Stagnant salaries push more families towards the breadline
A surfeit of workers and the threat of off-shoring are allowing companies to call the shots on wages.
Go there
There is still little evidence that workers are gaining much traction in their negotiations, said Paul Ashworth, US analyst at Capital Economics, the consultancy. If this does not pick up, it raises the prospect of a sharper slowdown in consumer spending than we have been expecting.
Economists are divided over the best source for measuring pay increases in the US, since the government releases three main measures. A gauge of average hourly earnings is released with the employment report. This rose by 0.3 per cent in both March and April and 0.1 per cent in February. Even with a slight rise in the hours employees are working, from 33.7 to 33.9, this suggests wages are struggling to keep pace with inflation. The gauge covers non-supervisory workers, about 80 per cent of the workforce.
The Bureau of Economic Analysis figures for personal income showed wages rising at close to 6 per cent in 2004 but slowing down since. This measure also showed wages rising by just 0.3 per cent in each of the past 2 months. This is a broader gauge and includes small businesses and professional partnerships, but it measures total corporate wage bill rather than wages per person.
The Employment Cost Index, seen by some as the most reliable measure, excludes overtime and professional partnerships.
I'd say take it out of congress's pension fund, but that would be mean spirited. A larger weathier tax base means more federal tax receipts. The 40 or 50 billion the federal the loses from suspending the gas tax would be made up in new taxpaying jobs created.
And we need to look at the federal budget as a whole. We lose tens of billions of dollars a year in medicare and medicaid fraud. The vast majority of money spent in D.C. goes to bureaucratic costs. The money is most likely already there. But the politicians don't have the will to get it done.
Union thugs can work a day for free for a change.
That does it, we are doomed.
Let's fire the union workers and use welfare recipients.
Yep gas prices are starting to take their toll......Good thing the Dems have blocked every energy initiative during the last 10 years. Another mess to clean up.
Misleading article. IIRC, the wage calculation used doesn't include or undervalues many benefits, commissions, and other non-standard forms of compensation.
Or NAFTA, GATT, and the WTO.
Nothing to see here. Please remain calm and go about your business.
Yep.
Come visit California and see what our tax $$$'s don't do....
Don't trust any article about the American economy or the American anything that spells labor that way.
Um-hmm.
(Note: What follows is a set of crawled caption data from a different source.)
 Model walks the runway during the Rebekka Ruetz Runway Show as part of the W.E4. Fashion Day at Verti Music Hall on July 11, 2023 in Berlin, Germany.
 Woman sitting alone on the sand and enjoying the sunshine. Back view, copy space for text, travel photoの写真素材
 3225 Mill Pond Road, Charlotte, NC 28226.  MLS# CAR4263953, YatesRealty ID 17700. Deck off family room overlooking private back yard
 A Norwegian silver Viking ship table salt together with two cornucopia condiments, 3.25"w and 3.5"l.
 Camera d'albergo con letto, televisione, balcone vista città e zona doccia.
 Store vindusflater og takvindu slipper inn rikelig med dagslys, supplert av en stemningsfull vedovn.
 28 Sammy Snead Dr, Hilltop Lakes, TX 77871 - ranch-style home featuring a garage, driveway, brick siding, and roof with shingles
Note that the entire wage structure is being degraded. That's the result of sending our jobs to China, India, and elsewhere. It's also a consequence of permitting excessive immigration, both legal and otherwise, as well as H1B and L1 visas.
So when YOUR wages get cut, be sure to give a free traitor an appropriate gesture.
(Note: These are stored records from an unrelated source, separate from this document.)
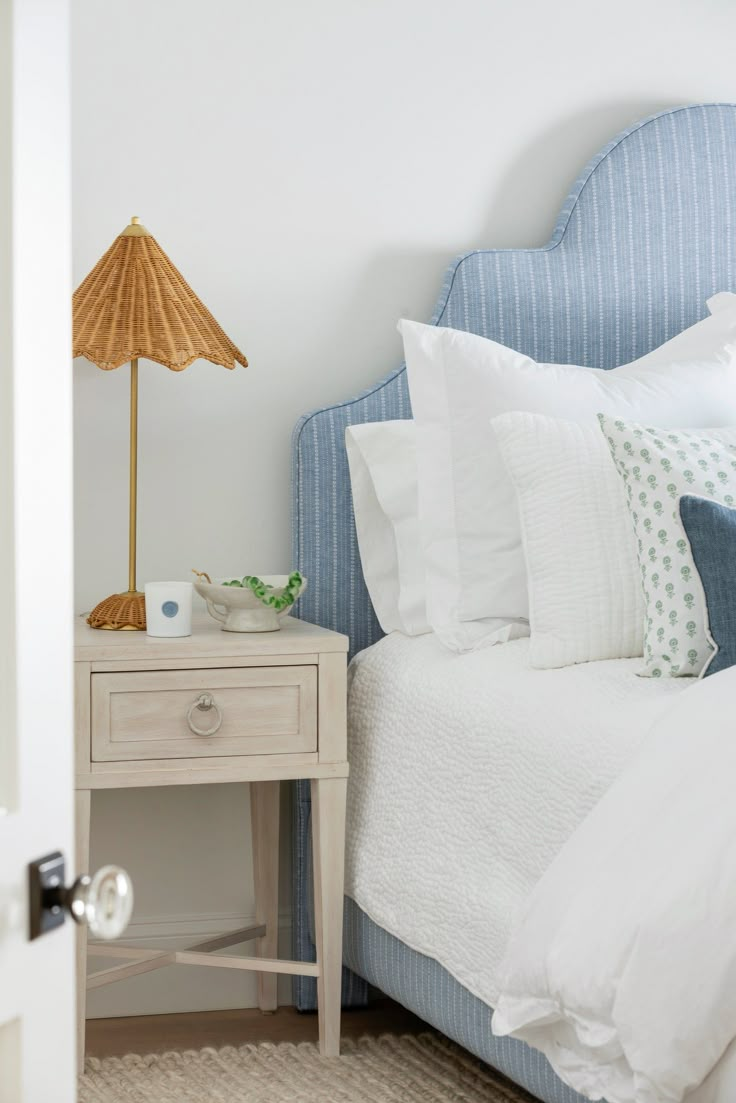 a bed with white sheets and blue headboard next to a lamp on a nightstand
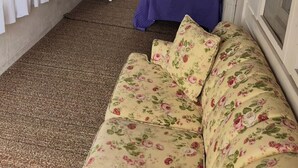 A room with a bed, a small table, and a sofa.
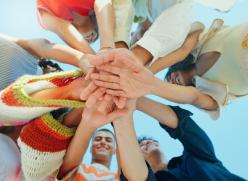 Blue sky, below and hands stack of people in circle for support, solidarity and community outdoors. Diversity, students and group of friends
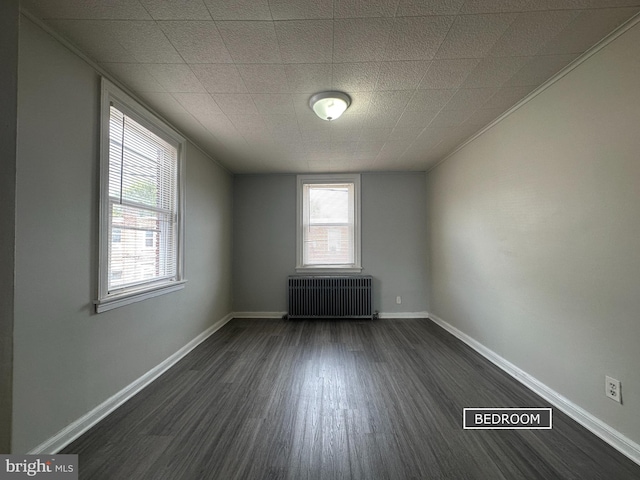 spare room featuring baseboards, dark wood finished floors, and radiator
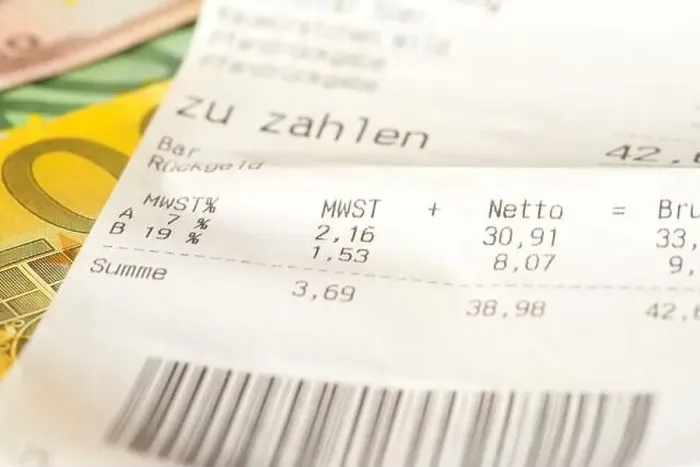 Framed Print : A receipt and euro bills Framed Print : A receipt and euro bills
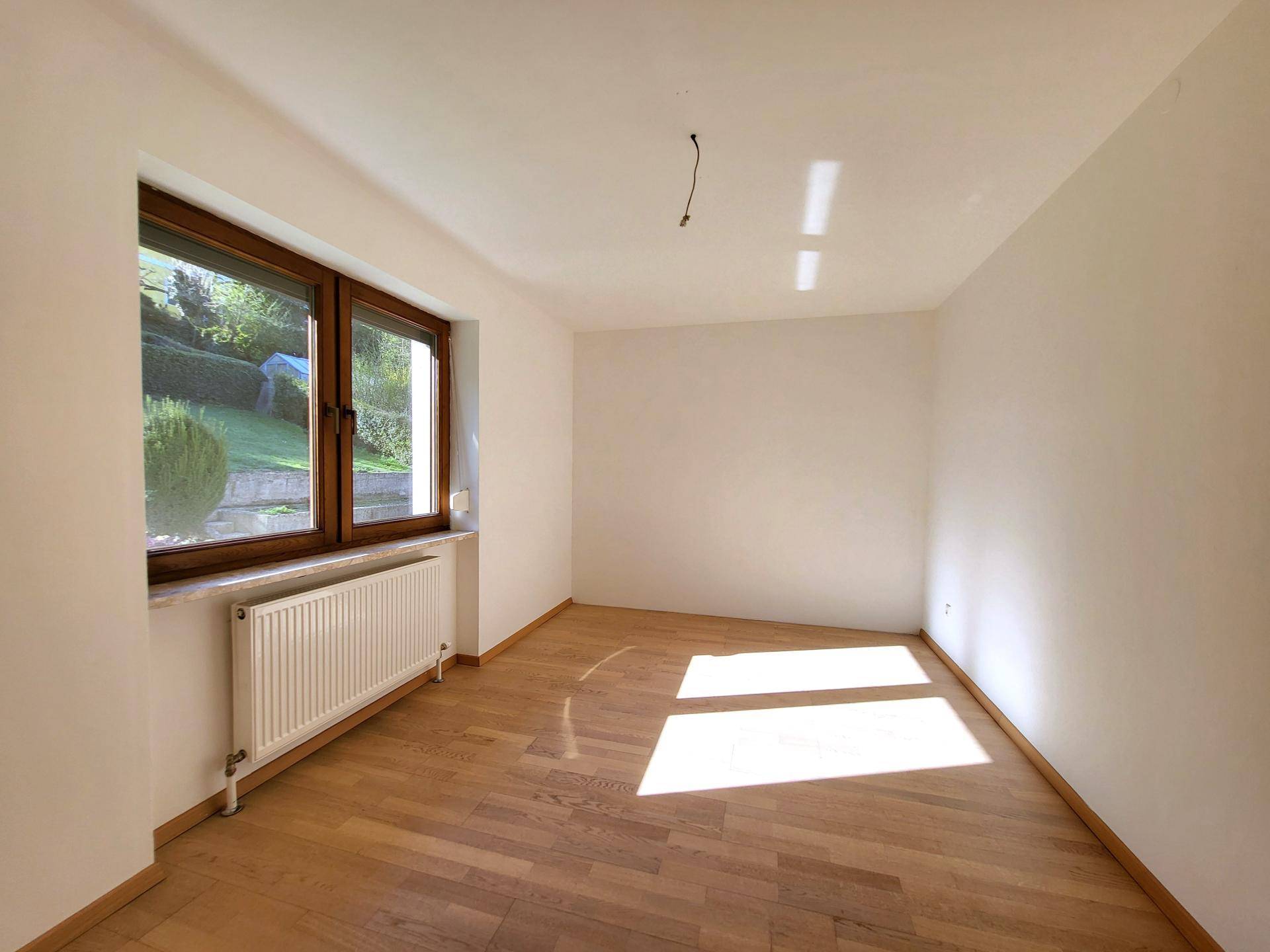 Sonniger Raum mit Parkettboden und Blick ins Grüne, ideal als Schlaf- oder Arbeitszimmer.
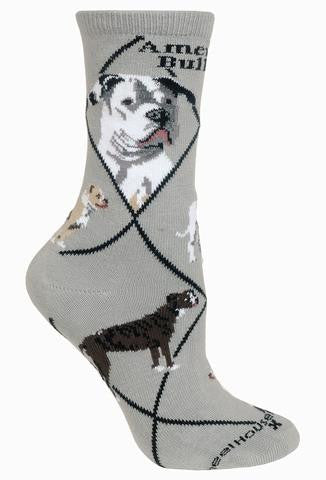 Wheel House Designs American Bulldog on Grey has Black Lines that make diamonds over the sock. Below the Cuff reads, American Bulldog in bold Black letters. Then come the Portraits a front and side profile. The Poses show White and Tan, Brindle and Tan and White colored American Bulldogs.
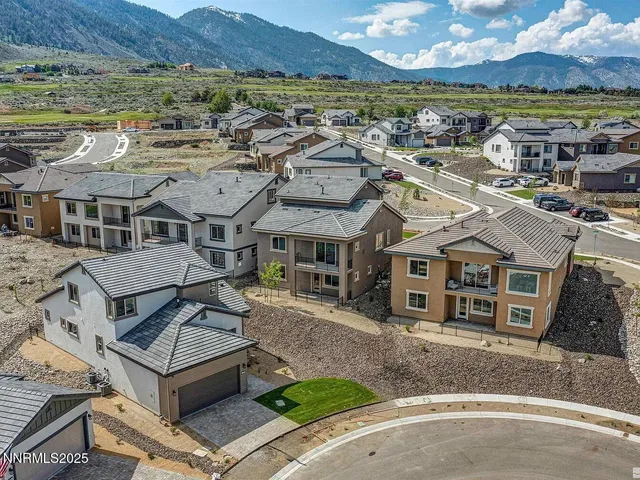 an aerial view of residential houses with outdoor space and ocean view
Sorry, It really bugs me when people insinuate that money for roads comes from general taxes. The insinuation that roads are also a "form of socialism" is also quite faulty, roads are built and maintained by capitalists. Roads are built with Highway Bonds, a capitalist instrument that pays interest. The bonds and maintenance are paid for through road taxes, registration fees, and gas taxes, ALL USER SUPPORTED. If anything you ever bought came to you on a truck, somewhere a tax was paid specifically on the roads in the price. For more info see here:
http://www.fhwa.dot.gov/policy/ohim/hs02/pdf/hf10.pdf
"Nothing to see here. Please remain calm and go about your business."
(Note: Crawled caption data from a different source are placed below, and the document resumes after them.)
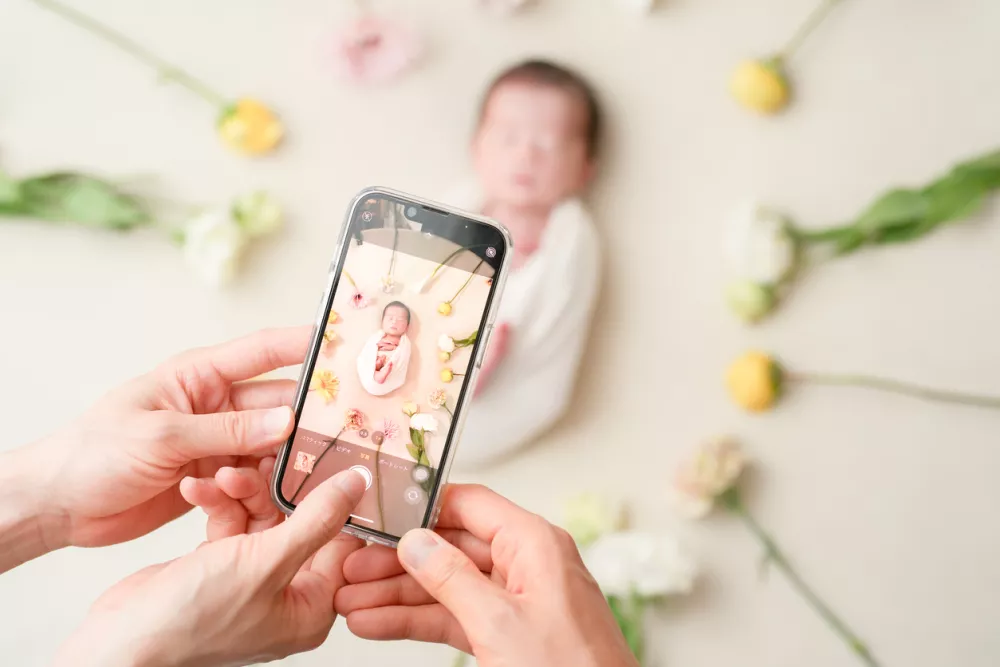 A 7-day-old Japanese newborn sleeps in a white swaddle, surrounded by spring flowers on a white background. The parents take a photo with a smartphone to save this gentle memory of new life and love.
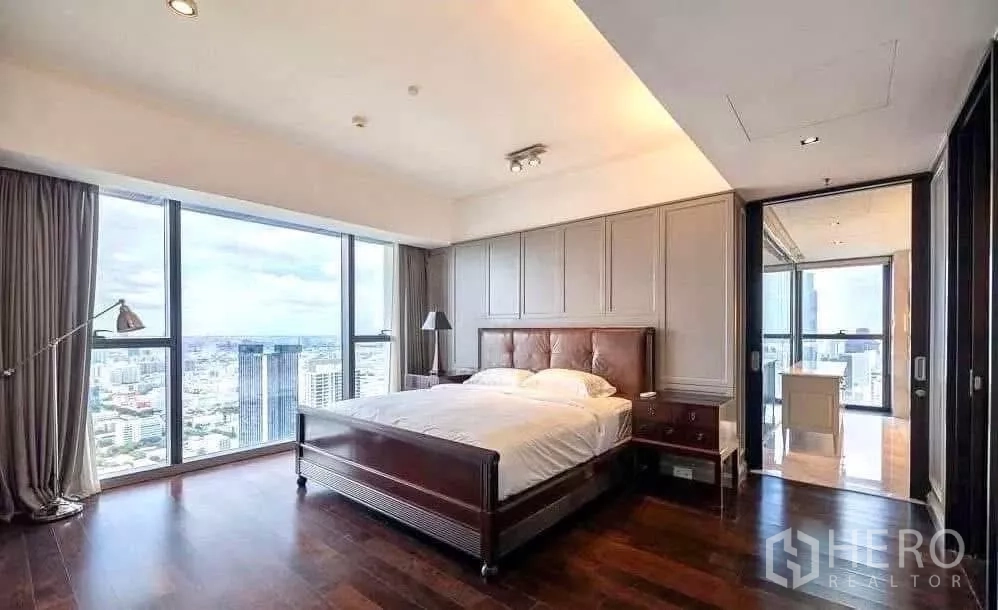 Condominium for rent in Sathon, Bangkok - Master bedroom with upholstered headboard, wood floors and dramatic city skyline view.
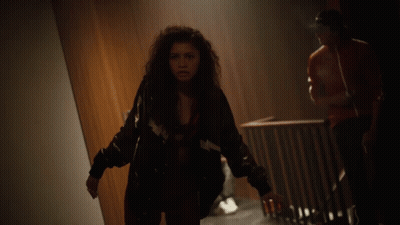 Woman With Curly Hair Looking At Camera In Dark Room GIF
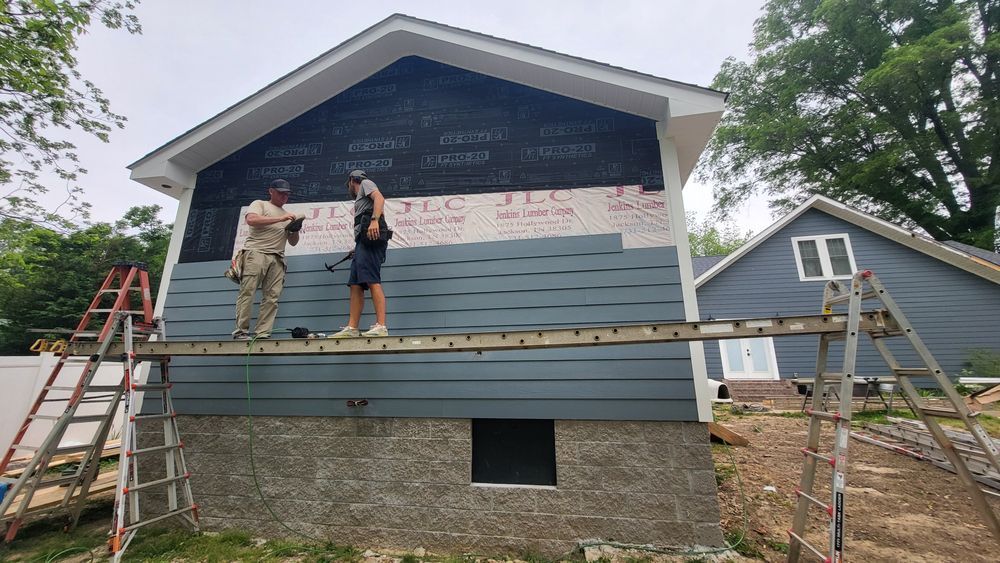 Two people installing blue siding on a house. One is on scaffolding using a tool.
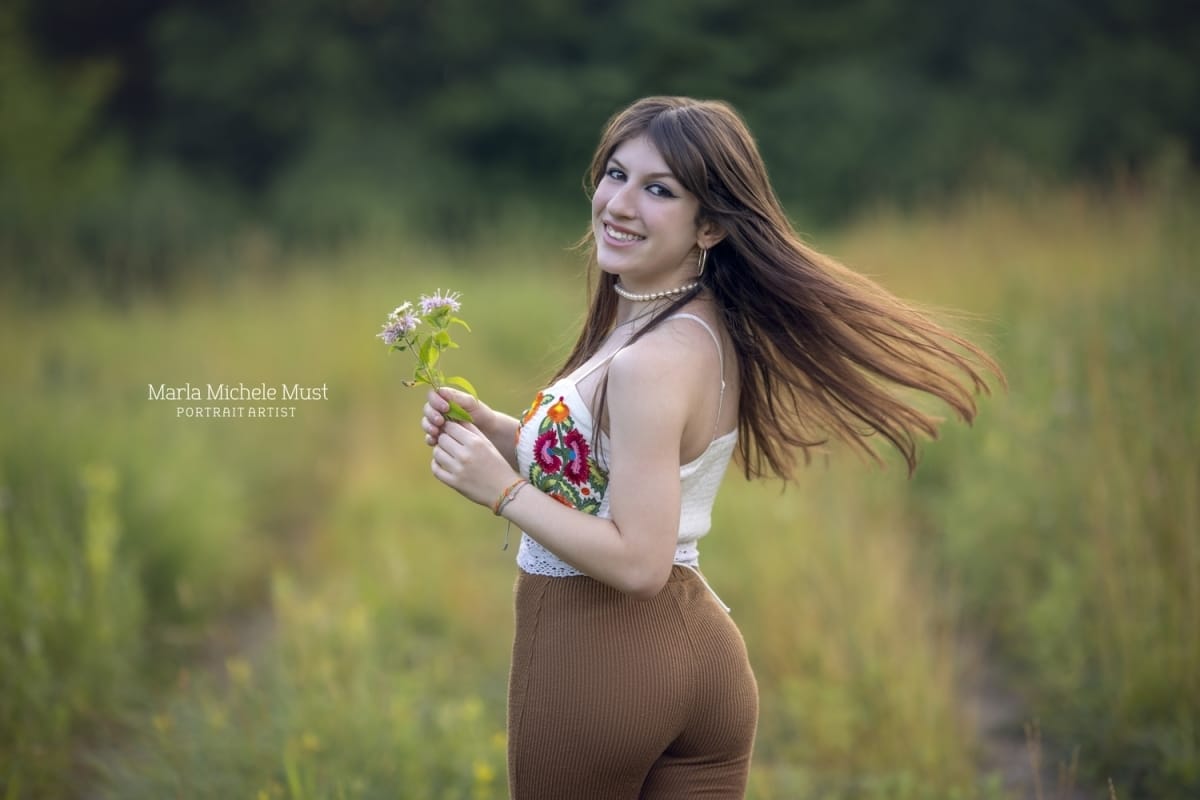 whimsical senior picture holding flower with hair flowing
But you forgot the part of "And just pay your taxes"
And modeling the birth/death of businesses doesn't accurately measure job creation/loss?
Measuring annd modeling are two different things.
"As will cutting all federal regultations. And suspending the gas tax is a good move."
I'll be waiting for that.
Well I know I can thank Capital One for eliminating a boatload of really high paying jobs in the IT sector for these last couple of quarters.